Si l'on s'en tient à l'affiche du second tour de l'élection présidentielle, le libéralisme d'Emmanuel Macron et l'extrême-droite de Marine Le Pen seraient les grands vainqueurs du scrutin du 23 avril 2017. En y regardant de plus près, pourtant, on découvre des résultats en trompe l’œil.
Depuis son émergence électorale en 1984, le Front national a toujours plus ou moins prospéré sur le rejet du système politique établi. Ce positionnement « anti-système » a connu deux évolutions majeures : à partir du référendum sur le traité de Maastricht, en 1992, lorsque Jean-Marie Le Pen adopte pour la première fois un discours anti-Union européenne, et en 2011, avec l'arrivée de Marine Le Pen à la présidence du parti, qui se positionne de façon encore plus clairement antimondialiste.

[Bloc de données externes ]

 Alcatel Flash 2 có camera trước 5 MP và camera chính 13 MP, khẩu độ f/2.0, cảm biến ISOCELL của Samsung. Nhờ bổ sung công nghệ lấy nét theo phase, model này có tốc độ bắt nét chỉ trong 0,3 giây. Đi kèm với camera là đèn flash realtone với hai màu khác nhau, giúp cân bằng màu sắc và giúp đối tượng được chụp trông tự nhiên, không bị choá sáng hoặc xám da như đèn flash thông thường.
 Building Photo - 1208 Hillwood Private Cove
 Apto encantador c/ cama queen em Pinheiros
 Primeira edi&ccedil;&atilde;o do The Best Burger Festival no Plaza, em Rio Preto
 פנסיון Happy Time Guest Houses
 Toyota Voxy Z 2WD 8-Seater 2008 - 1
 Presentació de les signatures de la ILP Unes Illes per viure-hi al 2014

À partir de 1992 et plus encore après 2011, les propositions sécuritaires et contre l'immigration du Front national sont loin de suffire à expliquer son succès. Au premier tour de l'élection présidentielle de 2017, comme en 2012, le protectionnisme, la sortie de l'euro, la perspective de sortie de l'Union européenne si nécessaire sont des arguments aussi déterminants pour l'électeur potentiel, en particulier dans les classes populaires.
Le Front national rattrapé par la France insoumise
Mais le scrutin du 23 avril 2017 est porteur d'un premier paradoxe : le statut de candidate « anti-système » de Marine Le Pen, qui l'a portée au second tour, n'a jamais été autant contesté par la gauche radicale de Jean-Luc Mélenchon. En 2012, l'écart entre les deux rivaux était de 2 437 000 voix. Aujourd'hui, il n'est plus que de 618 600. Si le score du Front national est historique (près de 7 680 000 voix contre 4 805 000 pour Jean-Marie Le Pen en 2002), celui de la France insoumise l'est tout autant. Il faut remonter au communiste Jacques Duclos en 1969 (21,27 % des suffrages exprimés) pour retrouver un tel succès à une présidentielle et aux européennes de 1979 (20,52 % pour la liste de Georges Marchais) si l'on élargit la recherche à tous les scrutins.
Marine Le Pen et Jean-Luc Mélenchon sont les fers de lance opposés d'une contestation du système politico-économique devenue clairement majoritaire dans les urnes si l'on s'en tient aux programmes et aux axes de campagne.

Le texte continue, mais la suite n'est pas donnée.